» **Exercise objective**
Your task is to print the listing exactly as it stands.

-------------------------

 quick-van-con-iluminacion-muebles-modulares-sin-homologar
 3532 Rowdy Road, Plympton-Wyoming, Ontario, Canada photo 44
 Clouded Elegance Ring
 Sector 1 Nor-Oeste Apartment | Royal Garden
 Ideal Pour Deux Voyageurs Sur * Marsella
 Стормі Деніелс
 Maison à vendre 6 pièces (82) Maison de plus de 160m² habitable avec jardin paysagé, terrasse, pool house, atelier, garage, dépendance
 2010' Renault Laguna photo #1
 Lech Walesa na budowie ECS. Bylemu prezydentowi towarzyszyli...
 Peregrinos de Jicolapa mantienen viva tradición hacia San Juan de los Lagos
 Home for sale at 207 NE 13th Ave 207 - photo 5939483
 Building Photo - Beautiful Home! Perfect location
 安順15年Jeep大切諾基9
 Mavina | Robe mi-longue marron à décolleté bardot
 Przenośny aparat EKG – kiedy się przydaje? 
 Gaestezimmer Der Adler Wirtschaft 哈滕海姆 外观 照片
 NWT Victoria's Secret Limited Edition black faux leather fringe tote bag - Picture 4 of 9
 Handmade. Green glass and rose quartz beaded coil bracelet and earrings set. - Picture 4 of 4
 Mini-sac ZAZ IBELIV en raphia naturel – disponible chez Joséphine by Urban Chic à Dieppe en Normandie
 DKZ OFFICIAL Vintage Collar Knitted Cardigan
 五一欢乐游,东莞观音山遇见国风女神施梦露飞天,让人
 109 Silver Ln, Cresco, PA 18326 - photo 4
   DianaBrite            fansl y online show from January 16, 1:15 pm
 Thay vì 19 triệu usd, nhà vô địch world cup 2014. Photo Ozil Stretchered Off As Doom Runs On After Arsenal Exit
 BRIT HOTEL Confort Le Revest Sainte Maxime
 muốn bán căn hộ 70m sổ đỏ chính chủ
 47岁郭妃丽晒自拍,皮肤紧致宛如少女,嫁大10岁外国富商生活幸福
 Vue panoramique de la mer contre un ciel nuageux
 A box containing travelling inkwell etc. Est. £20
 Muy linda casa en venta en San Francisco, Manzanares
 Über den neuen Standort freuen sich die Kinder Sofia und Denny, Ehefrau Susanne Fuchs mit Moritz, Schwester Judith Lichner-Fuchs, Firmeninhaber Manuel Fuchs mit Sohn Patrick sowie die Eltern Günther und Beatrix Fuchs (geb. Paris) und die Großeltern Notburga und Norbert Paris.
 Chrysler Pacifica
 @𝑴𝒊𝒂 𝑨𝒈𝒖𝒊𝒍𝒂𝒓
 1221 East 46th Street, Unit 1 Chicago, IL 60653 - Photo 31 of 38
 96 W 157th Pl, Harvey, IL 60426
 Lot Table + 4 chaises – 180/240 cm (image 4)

-------------------------

» **Response to this exercise**
 quick-van-con-iluminacion-muebles-modulares-sin-homologar
 3532 Rowdy Road, Plympton-Wyoming, Ontario, Canada photo 44
 Clouded Elegance Ring
 Sector 1 Nor-Oeste Apartment | Royal Garden
 Ideal Pour Deux Voyageurs Sur * Marsella
 Стормі Деніелс
 Maison à vendre 6 pièces (82) Maison de plus de 160m² habitable avec jardin paysagé, terrasse, pool house, atelier, garage, dépendance
 2010' Renault Laguna photo #1
 Lech Walesa na budowie ECS. Bylemu prezydentowi towarzyszyli...
 Peregrinos de Jicolapa mantienen viva tradición hacia San Juan de los Lagos
 Home for sale at 207 NE 13th Ave 207 - photo 5939483
 Building Photo - Beautiful Home! Perfect location
 安順15年Jeep大切諾基9
 Mavina | Robe mi-longue marron à décolleté bardot
 Przenośny aparat EKG – kiedy się przydaje? 
 Gaestezimmer Der Adler Wirtschaft 哈滕海姆 外观 照片
 NWT Victoria's Secret Limited Edition black faux leather fringe tote bag - Picture 4 of 9
 Handmade. Green glass and rose quartz beaded coil bracelet and earrings set. - Picture 4 of 4
 Mini-sac ZAZ IBELIV en raphia naturel – disponible chez Joséphine by Urban Chic à Dieppe en Normandie
 DKZ OFFICIAL Vintage Collar Knitted Cardigan
 五一欢乐游,东莞观音山遇见国风女神施梦露飞天,让人
 109 Silver Ln, Cresco, PA 18326 - photo 4
   DianaBrite            fansl y online show from January 16, 1:15 pm
 Thay vì 19 triệu usd, nhà vô địch world cup 2014. Photo Ozil Stretchered Off As Doom Runs On After Arsenal Exit
 BRIT HOTEL Confort Le Revest Sainte Maxime
 muốn bán căn hộ 70m sổ đỏ chính chủ
 47岁郭妃丽晒自拍,皮肤紧致宛如少女,嫁大10岁外国富商生活幸福
 Vue panoramique de la mer contre un ciel nuageux
 A box containing travelling inkwell etc. Est. £20
 Muy linda casa en venta en San Francisco, Manzanares
 Über den neuen Standort freuen sich die Kinder Sofia und Denny, Ehefrau Susanne Fuchs mit Moritz, Schwester Judith Lichner-Fuchs, Firmeninhaber Manuel Fuchs mit Sohn Patrick sowie die Eltern Günther und Beatrix Fuchs (geb. Paris) und die Großeltern Notburga und Norbert Paris.
 Chrysler Pacifica
 @𝑴𝒊𝒂 𝑨𝒈𝒖𝒊𝒍𝒂𝒓
 1221 East 46th Street, Unit 1 Chicago, IL 60653 - Photo 31 of 38
 96 W 157th Pl, Harvey, IL 60426
 Lot Table + 4 chaises – 180/240 cm (image 4)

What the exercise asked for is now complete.